One time I was coughing up blood and got really distressed – I ended up getting barred but if I’d actually been listened to it would have been a different story – I later found out I had gastroenteritis.
Some staff abused their power – it was ‘my way or the highway’, and this was a problem because I’ve always had a problem with authority – when I was a kid authority figures would be much rougher than they are now and you just had to learn to stick up for yourself.
I was defensive all the time – you had to be, because of the stresses of the system. It is hard to live in these overcrowded places – there’s always the potential of something volatile kicking off, although when it did we’d have the staff’s back.
I gave up completely with hostels for a few years and just sofa-surfed because it seemed there was no hope of getting housed. When you live in a hostel, people look down on you and assume you must have some vices. Most people in hostels were very critical of the system. It wasn’t all bad though, I made some lasting friendships.
Then a guy at the council got me into the Council’s Rent Deposit Scheme – private rented flats that the council help you get. It was the first time I’ve been proud of my home and I felt settled – you could never be proud of your place in a hostel. The Rent Deposit Scheme support was very light touch, but you could call them if there was an issue.
The only problem I’ve had since living in my own flat was when there was a lot of anti-social behaviour in the block.

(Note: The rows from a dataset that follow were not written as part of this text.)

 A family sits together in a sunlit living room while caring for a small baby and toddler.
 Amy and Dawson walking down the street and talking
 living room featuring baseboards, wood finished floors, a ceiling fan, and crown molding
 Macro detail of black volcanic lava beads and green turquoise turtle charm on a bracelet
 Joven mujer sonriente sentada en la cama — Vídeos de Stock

Landlords seem powerless to do anything about it. One landlord just didn’t know how to manage the building. Another landlord seemed scared to do anything.
Initially, when we told the council about the anti-social behaviour we were dismissed, I think because of how we were perceived – it was just put down to my partner’s paranoia – which was gutting. Or they just told us to tell the police, but that can do more harm than good. But then we heard after months of it there had been several closure orders in the block, so we weren’t making it up, and someone at the council must have known at the time we were telling the truth because it takes time to make a case for a closure order.

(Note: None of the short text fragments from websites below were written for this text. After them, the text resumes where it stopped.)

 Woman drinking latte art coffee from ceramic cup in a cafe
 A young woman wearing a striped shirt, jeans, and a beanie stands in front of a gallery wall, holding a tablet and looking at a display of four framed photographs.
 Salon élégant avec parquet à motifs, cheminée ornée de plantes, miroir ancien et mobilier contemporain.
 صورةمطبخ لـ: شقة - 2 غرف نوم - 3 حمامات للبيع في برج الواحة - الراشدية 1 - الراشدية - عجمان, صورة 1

The council moved us again and we’ve had no issues at all at our new place and our housing officer at the council has been amazing.
Looking back, the best experience I had of a hostel was the YMCA – but I wasn’t staying there, I just got involved with some of their activities – trips and weekly football sessions. It’s different when you don’t have to follow petty rules and staff can’t bar you when you get too many warnings. And there were a few staff elsewhere who were really good, I remember a guy called Surinder at the Bridge hostel, he wouldn’t let you get away with anything, but was totally non-judgemental, but others weren’t approachable at all, and if you got stuck with one of them for your keywork sessions there was nothing you could do.
Hostels with a religious aspect could also be a real problem – you get treated better if you’re going to church. One time a manager told me I was only at the hostel because I was doing well at church. That was weird. I left and made myself homeless again.
The best hostels I stayed in were ones where it was basically a small, shared house and the staff check in on you once a week. It’s like the more contact you have with staff, the worse it is. It would all work better if you had more freedom and choice.
For me, if there have to be hostels crammed full of people at all, they need to be run by people who have personally experienced homelessness, otherwise they just don’t know how to deal with you and can end up doing more harm than good.
But as I say, the hostel sector told me I couldn’t manage my own home, and yet here I am, more than 10 years later.